明治期の地図では現在セオトープイ川となっている川にこの名前がついています。

忠類(ちゅうるい) チウ(流れ)ルイ(が激しい)トープイ(当縁(とうべり)川)
セイオトープイ 当縁(とうべり)川の支流
今の上ヒチュウルイ川?
この川に架かる「錦橋」には「セーオトープイ川」とあります。
セ(ー)オトープイ川 セイ(貝)オ(がそこにある)トープイ(当縁(とうべり)川)
昭和23(1948)年に幕別町から更別村に編入された勢雄(せお)も「セイ(貝)オ(がそこにある)」という言葉を含んでいます。
チホマイワ 丸山(チョマナイ山) チョマナイ山
チョマナイは丸山の南麓を流れていた小川のチホマ(恐ろしい)ナイ(川)に由来すると考えられます。
チホマ(恐ろしい)イワ(聖山)
明治27(1894)年にこの山の南麓に入植した岡田新三郎は、アイヌ民族も和人もこの山に恐怖の念を抱いていたため、「開拓」に支障が出ることを心配し、頂上に丸山神社を創建しました(現在、丸山神社は元忠類にあります)。
シケㇾペウンナイ 忠類の東宝のあたりを流れていた川や下当縁川の一部、現在のコイカクシュトープイ川の支流にも同様の名前の川がありました。 シキリブナイなど シケㇾペ(キハダ)ウン(がそこにある)ナイ(川)

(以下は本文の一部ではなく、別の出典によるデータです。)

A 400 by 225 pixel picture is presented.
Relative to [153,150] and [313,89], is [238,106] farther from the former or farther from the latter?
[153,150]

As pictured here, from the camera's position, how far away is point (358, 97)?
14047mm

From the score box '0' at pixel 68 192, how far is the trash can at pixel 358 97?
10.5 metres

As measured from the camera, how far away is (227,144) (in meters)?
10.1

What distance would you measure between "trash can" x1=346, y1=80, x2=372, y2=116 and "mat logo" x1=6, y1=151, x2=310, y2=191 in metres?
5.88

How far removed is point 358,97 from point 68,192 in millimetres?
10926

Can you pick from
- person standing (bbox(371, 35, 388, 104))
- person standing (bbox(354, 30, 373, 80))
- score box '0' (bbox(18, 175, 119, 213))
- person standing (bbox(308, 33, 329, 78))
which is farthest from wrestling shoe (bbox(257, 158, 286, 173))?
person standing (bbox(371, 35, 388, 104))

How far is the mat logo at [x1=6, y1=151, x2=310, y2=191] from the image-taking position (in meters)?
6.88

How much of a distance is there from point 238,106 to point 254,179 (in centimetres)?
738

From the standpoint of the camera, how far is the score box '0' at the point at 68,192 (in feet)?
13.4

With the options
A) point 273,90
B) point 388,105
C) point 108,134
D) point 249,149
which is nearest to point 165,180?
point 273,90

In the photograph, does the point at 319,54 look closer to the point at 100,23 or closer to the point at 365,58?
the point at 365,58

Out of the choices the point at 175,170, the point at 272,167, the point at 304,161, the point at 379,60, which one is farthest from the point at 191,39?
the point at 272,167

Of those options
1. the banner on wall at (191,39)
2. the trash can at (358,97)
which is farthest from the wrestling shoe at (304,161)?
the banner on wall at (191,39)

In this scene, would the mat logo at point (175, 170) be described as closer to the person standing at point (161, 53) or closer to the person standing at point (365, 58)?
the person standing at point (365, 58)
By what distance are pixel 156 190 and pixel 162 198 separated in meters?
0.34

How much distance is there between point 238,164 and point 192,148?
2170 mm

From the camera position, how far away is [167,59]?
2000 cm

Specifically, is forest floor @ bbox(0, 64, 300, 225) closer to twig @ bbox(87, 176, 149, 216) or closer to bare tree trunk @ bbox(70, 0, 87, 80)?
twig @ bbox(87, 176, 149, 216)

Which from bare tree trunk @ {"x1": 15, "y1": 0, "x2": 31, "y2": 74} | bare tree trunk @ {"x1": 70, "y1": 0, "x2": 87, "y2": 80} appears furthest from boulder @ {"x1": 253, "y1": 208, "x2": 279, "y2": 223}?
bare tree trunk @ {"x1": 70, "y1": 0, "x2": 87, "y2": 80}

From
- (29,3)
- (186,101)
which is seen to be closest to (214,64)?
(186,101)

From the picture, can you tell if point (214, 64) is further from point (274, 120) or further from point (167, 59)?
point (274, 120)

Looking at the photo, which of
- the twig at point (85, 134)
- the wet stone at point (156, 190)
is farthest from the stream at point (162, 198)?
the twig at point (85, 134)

忠類地区の古い地図や文書には、シケㇾペ(キハダ)ウン(がそこにある)ナイ(川)(明治29年陸地測量部地図)やシケㇾペ(キハダ)ウㇱ(がたくさんある)ナイ(川)(松浦武四郎『東蝦夷日誌』)という呼び名が記録されています。かつて東宝を指していた「シキリブナイ」という名前はシケㇾペ(キハダ)ナイ(川)が変化したものと考えられます。